▸ **ACTIVITY**:
The data below holds a line containing "Pool Party Summer" and a line containing "Damla Sağlık Plus Yarabandı Karma 20'li"; please quote exactly those two lines and every line between them, and nothing else.

▸ **DATA**:
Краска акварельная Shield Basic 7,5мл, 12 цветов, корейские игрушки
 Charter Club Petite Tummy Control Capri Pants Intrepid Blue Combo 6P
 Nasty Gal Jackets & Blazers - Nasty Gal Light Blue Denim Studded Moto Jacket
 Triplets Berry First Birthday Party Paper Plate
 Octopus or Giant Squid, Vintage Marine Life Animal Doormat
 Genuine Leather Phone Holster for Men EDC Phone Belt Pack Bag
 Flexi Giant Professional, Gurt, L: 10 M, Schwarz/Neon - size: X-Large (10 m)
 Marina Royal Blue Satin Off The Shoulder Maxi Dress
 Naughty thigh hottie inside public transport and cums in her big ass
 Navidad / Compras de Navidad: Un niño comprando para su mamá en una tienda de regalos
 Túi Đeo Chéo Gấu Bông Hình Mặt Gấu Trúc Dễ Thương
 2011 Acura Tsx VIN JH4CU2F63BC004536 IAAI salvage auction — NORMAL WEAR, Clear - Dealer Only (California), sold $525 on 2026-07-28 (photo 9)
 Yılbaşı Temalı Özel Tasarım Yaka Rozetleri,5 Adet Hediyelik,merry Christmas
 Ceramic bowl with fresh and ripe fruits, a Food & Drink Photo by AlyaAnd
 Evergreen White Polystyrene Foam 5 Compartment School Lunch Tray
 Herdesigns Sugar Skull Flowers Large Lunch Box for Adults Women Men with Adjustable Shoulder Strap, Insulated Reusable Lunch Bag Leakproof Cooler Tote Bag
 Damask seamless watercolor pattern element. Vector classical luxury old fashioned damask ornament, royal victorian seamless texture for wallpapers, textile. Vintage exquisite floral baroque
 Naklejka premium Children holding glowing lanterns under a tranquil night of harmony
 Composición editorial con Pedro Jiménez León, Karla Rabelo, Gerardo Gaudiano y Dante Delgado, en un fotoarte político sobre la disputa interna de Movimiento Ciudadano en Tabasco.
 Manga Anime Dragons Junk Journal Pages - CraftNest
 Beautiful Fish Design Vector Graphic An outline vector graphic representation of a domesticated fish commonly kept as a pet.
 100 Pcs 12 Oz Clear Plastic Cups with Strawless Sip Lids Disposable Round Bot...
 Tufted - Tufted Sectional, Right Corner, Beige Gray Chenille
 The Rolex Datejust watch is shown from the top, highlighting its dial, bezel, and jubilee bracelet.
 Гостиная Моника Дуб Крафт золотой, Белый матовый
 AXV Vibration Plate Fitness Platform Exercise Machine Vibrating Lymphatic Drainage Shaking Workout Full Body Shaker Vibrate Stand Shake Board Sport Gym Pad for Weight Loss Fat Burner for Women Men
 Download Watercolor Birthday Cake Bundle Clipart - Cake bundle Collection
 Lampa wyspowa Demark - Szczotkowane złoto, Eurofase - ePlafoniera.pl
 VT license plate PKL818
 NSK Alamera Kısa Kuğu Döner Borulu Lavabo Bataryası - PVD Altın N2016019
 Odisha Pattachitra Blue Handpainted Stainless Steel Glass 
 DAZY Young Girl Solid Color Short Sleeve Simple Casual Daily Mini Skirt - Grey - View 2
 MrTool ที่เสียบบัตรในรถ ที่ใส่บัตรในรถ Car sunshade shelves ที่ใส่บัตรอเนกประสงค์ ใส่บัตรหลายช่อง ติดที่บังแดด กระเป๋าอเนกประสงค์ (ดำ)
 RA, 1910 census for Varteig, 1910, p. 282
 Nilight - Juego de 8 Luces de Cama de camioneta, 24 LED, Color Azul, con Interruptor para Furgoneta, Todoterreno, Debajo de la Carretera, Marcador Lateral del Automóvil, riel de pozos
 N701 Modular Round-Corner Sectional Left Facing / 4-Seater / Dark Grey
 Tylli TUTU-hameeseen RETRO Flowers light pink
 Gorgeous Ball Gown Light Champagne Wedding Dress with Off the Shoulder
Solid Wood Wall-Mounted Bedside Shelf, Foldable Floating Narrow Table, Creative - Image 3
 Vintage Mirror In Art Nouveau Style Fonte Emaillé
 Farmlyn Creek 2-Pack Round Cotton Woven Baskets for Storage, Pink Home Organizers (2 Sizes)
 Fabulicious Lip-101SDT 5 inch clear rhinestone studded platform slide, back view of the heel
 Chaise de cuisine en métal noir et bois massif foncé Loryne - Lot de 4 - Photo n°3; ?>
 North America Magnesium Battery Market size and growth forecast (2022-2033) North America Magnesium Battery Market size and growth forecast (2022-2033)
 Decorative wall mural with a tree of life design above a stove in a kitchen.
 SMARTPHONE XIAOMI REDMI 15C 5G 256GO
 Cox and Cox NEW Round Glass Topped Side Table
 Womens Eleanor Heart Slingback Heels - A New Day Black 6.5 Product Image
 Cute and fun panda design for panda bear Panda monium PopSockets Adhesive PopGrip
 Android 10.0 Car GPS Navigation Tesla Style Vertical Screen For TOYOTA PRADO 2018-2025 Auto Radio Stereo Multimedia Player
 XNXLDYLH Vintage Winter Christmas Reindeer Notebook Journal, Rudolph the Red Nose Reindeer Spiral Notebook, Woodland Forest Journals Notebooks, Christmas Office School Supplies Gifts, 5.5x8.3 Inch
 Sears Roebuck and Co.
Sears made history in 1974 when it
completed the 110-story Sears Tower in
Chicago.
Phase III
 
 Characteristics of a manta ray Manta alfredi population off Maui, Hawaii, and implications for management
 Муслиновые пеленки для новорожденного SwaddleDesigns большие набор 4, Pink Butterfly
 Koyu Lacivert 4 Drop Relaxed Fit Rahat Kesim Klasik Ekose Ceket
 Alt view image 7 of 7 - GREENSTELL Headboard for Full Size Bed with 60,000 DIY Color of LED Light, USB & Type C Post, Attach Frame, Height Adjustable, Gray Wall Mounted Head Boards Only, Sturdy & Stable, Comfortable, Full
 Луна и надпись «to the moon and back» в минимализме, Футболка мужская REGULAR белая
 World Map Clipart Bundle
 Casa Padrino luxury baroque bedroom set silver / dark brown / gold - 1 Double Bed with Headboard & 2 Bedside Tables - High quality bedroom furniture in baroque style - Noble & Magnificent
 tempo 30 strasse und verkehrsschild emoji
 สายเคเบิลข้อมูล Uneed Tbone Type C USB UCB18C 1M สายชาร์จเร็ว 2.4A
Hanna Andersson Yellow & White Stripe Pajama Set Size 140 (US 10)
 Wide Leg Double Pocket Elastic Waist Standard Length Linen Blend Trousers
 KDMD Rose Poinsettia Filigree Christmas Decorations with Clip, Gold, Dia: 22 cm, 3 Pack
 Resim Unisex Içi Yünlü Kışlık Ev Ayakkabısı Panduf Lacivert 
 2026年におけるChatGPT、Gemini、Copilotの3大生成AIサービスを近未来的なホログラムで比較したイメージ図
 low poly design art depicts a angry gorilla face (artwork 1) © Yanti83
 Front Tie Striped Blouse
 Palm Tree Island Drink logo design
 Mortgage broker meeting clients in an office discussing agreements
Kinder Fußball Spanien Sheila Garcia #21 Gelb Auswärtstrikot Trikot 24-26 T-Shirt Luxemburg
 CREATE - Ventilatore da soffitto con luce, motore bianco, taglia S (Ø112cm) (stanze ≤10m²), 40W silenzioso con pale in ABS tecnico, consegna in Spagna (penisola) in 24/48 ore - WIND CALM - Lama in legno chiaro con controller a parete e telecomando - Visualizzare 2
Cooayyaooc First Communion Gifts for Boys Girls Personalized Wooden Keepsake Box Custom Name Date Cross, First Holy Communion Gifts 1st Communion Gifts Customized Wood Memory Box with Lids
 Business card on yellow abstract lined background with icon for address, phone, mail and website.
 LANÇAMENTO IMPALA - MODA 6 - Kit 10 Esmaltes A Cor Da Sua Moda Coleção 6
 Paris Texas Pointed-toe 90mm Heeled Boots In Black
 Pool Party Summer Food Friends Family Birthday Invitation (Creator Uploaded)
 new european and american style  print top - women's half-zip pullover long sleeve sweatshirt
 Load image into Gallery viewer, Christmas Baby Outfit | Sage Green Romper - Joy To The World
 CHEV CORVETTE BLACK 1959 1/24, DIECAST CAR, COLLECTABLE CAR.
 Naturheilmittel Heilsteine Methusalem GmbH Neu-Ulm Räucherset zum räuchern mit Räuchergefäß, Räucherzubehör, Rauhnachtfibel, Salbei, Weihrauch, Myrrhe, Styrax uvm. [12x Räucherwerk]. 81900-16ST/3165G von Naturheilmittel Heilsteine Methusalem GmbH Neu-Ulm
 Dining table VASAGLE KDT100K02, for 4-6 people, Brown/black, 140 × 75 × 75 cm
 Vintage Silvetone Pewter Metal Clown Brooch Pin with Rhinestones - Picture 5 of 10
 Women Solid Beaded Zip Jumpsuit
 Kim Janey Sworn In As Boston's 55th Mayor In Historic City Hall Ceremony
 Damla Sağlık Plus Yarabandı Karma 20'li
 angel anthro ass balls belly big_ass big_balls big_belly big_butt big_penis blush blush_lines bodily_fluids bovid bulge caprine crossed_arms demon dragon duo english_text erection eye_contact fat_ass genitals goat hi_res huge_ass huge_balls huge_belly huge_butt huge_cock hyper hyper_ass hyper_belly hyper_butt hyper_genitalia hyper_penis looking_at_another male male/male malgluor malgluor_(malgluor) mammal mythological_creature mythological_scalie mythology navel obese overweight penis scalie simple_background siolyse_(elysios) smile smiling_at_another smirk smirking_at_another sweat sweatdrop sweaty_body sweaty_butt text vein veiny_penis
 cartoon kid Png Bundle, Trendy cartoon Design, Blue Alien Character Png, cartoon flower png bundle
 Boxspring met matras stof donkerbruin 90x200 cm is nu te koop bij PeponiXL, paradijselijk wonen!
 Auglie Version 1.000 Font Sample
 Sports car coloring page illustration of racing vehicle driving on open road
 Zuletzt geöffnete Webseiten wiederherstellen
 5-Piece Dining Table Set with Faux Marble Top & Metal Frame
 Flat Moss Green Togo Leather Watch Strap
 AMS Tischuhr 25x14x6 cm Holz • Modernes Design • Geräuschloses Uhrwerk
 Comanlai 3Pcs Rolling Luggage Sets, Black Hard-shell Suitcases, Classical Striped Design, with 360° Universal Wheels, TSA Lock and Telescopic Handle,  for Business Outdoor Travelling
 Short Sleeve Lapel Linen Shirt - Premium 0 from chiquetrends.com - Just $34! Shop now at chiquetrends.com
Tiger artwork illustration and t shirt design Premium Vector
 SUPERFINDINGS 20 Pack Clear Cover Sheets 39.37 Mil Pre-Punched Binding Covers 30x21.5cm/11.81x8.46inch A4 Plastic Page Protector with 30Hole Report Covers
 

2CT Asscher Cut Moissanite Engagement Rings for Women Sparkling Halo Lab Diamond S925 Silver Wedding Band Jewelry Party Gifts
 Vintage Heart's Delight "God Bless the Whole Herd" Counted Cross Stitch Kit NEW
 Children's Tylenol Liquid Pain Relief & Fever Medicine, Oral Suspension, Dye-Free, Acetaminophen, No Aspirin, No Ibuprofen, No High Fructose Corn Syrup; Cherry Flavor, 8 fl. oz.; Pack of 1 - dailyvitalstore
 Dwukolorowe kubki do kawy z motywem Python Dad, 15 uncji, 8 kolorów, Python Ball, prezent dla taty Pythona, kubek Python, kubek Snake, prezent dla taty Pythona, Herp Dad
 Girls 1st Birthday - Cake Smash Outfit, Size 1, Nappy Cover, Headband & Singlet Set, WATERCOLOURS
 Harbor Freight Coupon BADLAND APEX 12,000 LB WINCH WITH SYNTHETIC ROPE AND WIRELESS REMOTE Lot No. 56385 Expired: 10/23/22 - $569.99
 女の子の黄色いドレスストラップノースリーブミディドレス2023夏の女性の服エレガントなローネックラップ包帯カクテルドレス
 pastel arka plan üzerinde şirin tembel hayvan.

▸ **RESPONSE**:
 Pool Party Summer Food Friends Family Birthday Invitation (Creator Uploaded)
 new european and american style  print top - women's half-zip pullover long sleeve sweatshirt
 Load image into Gallery viewer, Christmas Baby Outfit | Sage Green Romper - Joy To The World
 CHEV CORVETTE BLACK 1959 1/24, DIECAST CAR, COLLECTABLE CAR.
 Naturheilmittel Heilsteine Methusalem GmbH Neu-Ulm Räucherset zum räuchern mit Räuchergefäß, Räucherzubehör, Rauhnachtfibel, Salbei, Weihrauch, Myrrhe, Styrax uvm. [12x Räucherwerk]. 81900-16ST/3165G von Naturheilmittel Heilsteine Methusalem GmbH Neu-Ulm
 Dining table VASAGLE KDT100K02, for 4-6 people, Brown/black, 140 × 75 × 75 cm
 Vintage Silvetone Pewter Metal Clown Brooch Pin with Rhinestones - Picture 5 of 10
 Women Solid Beaded Zip Jumpsuit
 Kim Janey Sworn In As Boston's 55th Mayor In Historic City Hall Ceremony
 Damla Sağlık Plus Yarabandı Karma 20'li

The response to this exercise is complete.